Who would have thought Brad Pitt, even aged artificially, could bear a resemblance to Yoda?
"The Curious Case of Benjamin Button" (* * * out of four) is worth seeing just for the superb prosthetic makeup and seamless computer-generated effects in which Pitt's head is digitally imposed onto older bodies. The film, ambitious if flawed, also is lyrical and melancholy as it tells the story of a man aging backward.
But the tale, though laudably imaginative, is overlong and not as emotionally involving as it could be. David Fincher, one of the best contemporary directors, has made a notable departure from such darker fare as "Zodiac" and "Fight Club."
The influence of screenwriter Eric Roth is perhaps even stronger than Fincher's capable direction. Roth wrote 1994's "Forrest Gump," and "Button" has notable similarities.
Benjamin is a passive and reactive character, and Pitt is appropriately understated. The long romance between Button and Daisy is less convincing; we never get a full sense of who she is.
The film is at its best when spinning fantastic yarns of Benjamin's bizarre, long life. Afflicted with a rare malady, he is born elderly. His father (Jason Flemying) finds the wizened infant repulsive and abandons him on a doorstep.
Benjamin is raised by Queenie (Taraji P. Henson), the proprietor of an old folks' home where he stands out with his childish antics. When a little girl named Daisy (Elle Fanning) visits her grandmother, a friendship is born.

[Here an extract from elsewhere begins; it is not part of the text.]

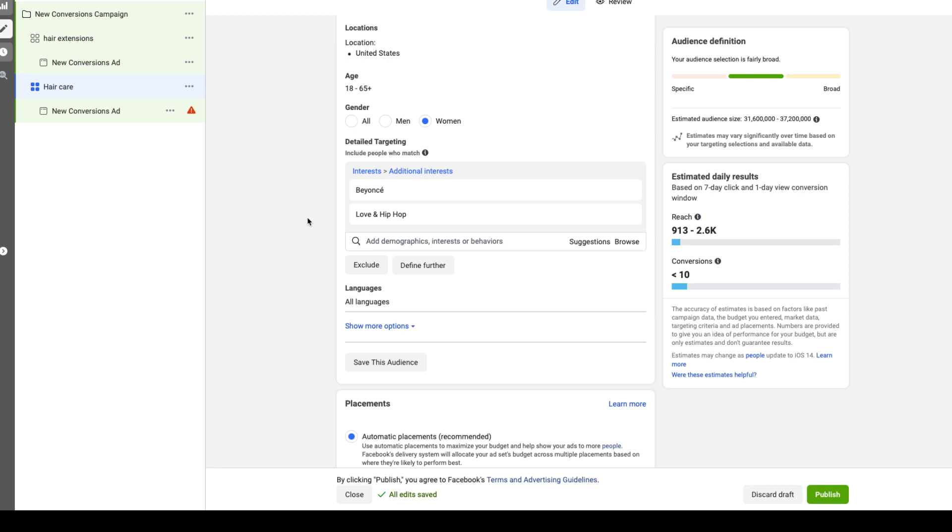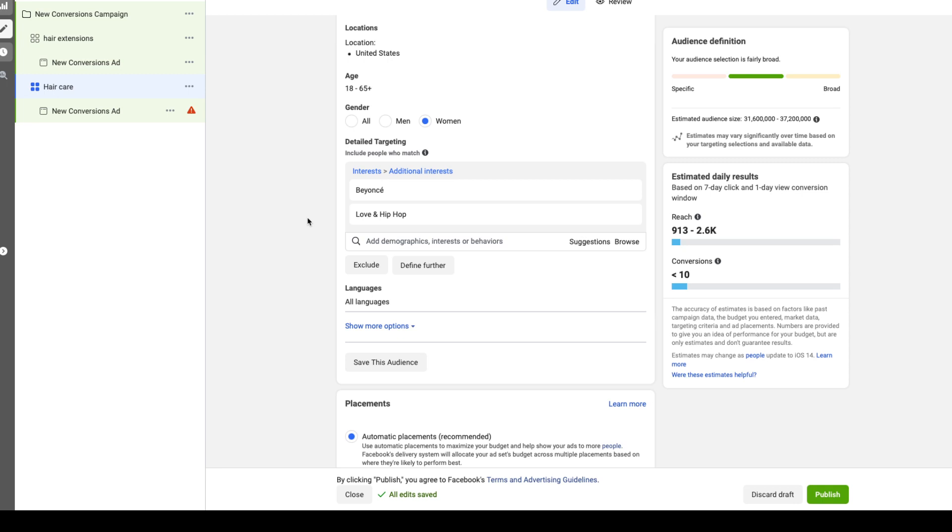It's not too important the interest or the targeting you use. More important is your content, your ad copy, and your website's ability to convert a visitor into a customer. That's most important. Basically your ad copy and your ad content is going to do the targeting for you. Then once they deliver that person to your site, it's on your website to actually convince that person to buy.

Benjamin leaves home at 17 (looking like 60), goes off to sail the world and has his first love affair when he is seduced by a married woman (Tilda Swinton). Soon he sheds his wrinkles and emerges in familiar handsome form. He and Daisy (now played by Cate Blanchett) meet again, closer in age, and their romance starts and sputters.
The backward-aging can be distracting. Trying to determine Benjamin's approximate age at various intervals can take you out of the film.
Button is a cinematic curiosity. Set in a visually stunning realm of heightened reality, it is at times symbolic and enigmatic, other times baroque and convoluted, and also folksy and predictable.
Though it doesn't always work as a parable about life, Button is never dull, and the conclusion is graceful and poignant. (Rated PG-13 for brief war violence, sexual content, language and smoking. Running time: 2 hours, 46 minutes. Opened Thursday nationwide.)